When we fail in our relationships with our fellowmen, either at home or in business, it is because our love is tainted with self-interest. But it is only the divine love which can make us irresistible.

And this love can save society. The world is always tense with wars, revolutions, global planning. If it is not one thing it is another. Labor is tense, capital is tense—dissatisfaction. The result is more revolution. Why does man revolt? He revolts because he is dissatisfied. That much he knows. The laboring man knows, perhaps only subconsciously, that he has not been created to be a machine, a cog in the wheel of selfish, materialistic civilization, and he rebels against such an order of things. Still he may not know the true reason for his dissatisfaction, which is that man has been made for union with God, and nothing else can satisfy him but that. An eight hour day, minimum wage scales, proper housing conditions, are not the answer. Bethlehem is the answer to the labor problem, for Bethlehem means union with God. And why is the employer, the rich man, so often unhappy? You say that he has everything—no financial worries, every luxury, beautiful homes, shiny cars, money in the bank, security; but he is unhappy still—discontented. Why? Within yourself you think; if I had his money I would never complain again! Oh yes, you would. This man is unhappy despite his money and luxuries because deep down in his soul he knows that he has not been made for money. He has not been made for riches. For after he has accumulated his fortune, he finds himself still dissatisfied. Why? Because he has been made for God.

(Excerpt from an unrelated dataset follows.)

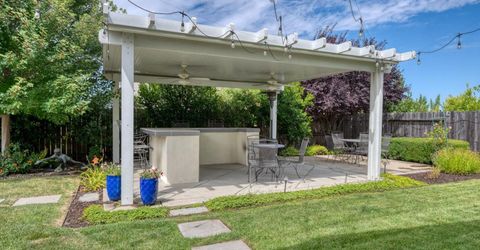 5816 Tree Swallow Cir, Rocklin, CA 95677 Photo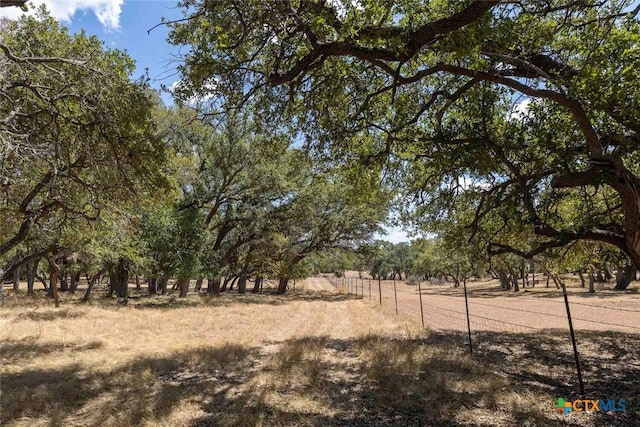 1349 Lavaca, Canyon Lake, TX 78133 - photo 9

The only solution, then, for the agony of the industrial world, whether we be in the ranks of labor or capital, is Bethlehem; that divine fact that God came down to earth to lift man up to Himself. Any philosophy, any social order which ignores it, is bound to lead to hell. There are two conflicting forces in life: Good and evil; love and self; God and the devil; Heaven and hell. And if you find the Bethlehem evangel in your life, then Love and Heaven are yours. If not, you will read hell. The reason we have hell in our national, political, social and domestic life so often is that men have lost the way to Bethlehem. The reason we church-members are so impotent is that we too often lose sight of the way and, therefore, cannot direct others back to Bethlehem (pp. 47-48).